• DIRECTIONS FOR THIS TASK: In this exercise, copy exactly the lines from the one that contains "Threads Diingatkan Komdigi" through the end of the entries below; pictures are not copied.

• ENTRIES SUPPLIED:
==============================
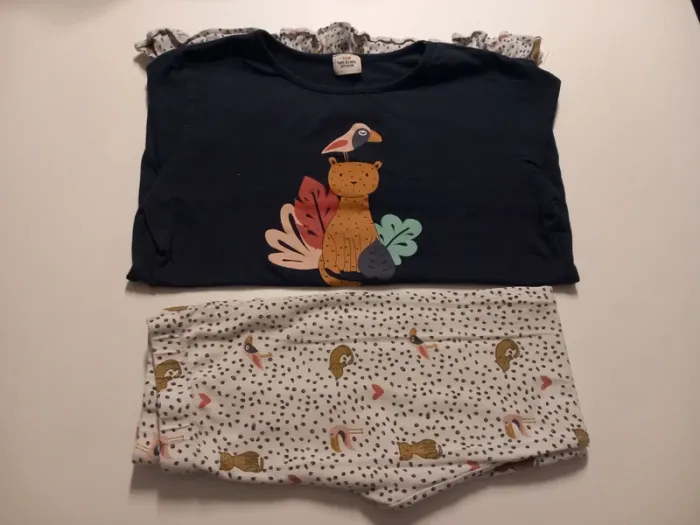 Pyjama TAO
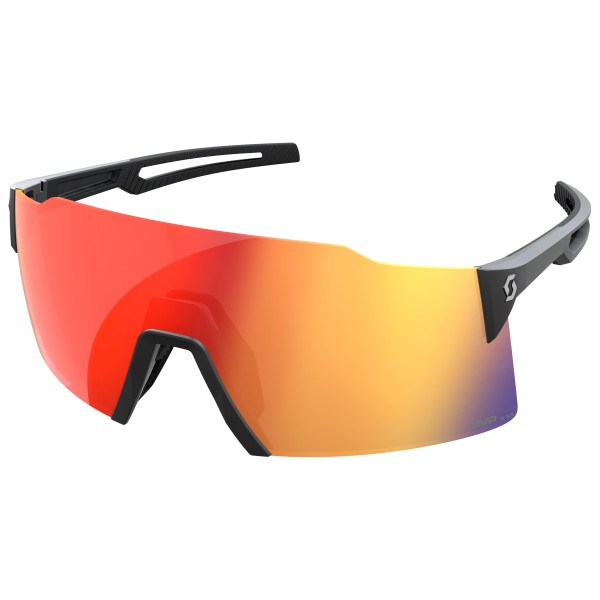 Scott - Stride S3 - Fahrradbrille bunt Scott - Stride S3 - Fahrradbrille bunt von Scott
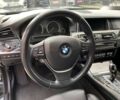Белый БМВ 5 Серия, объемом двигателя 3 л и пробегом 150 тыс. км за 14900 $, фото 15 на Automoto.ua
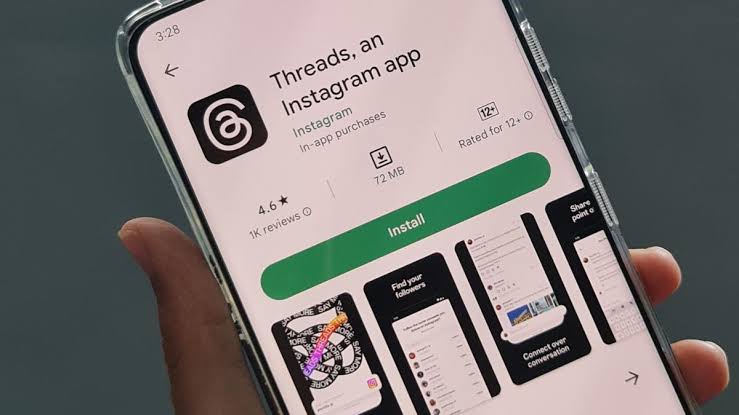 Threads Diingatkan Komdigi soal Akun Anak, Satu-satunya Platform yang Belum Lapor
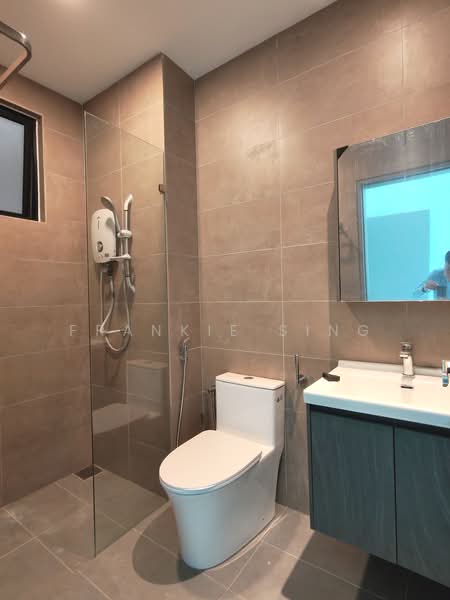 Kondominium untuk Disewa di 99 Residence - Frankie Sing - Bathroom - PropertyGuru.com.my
==============================
• OUTPUT BELOW:
 Threads Diingatkan Komdigi soal Akun Anak, Satu-satunya Platform yang Belum Lapor
 Kondominium untuk Disewa di 99 Residence - Frankie Sing - Bathroom - PropertyGuru.com.my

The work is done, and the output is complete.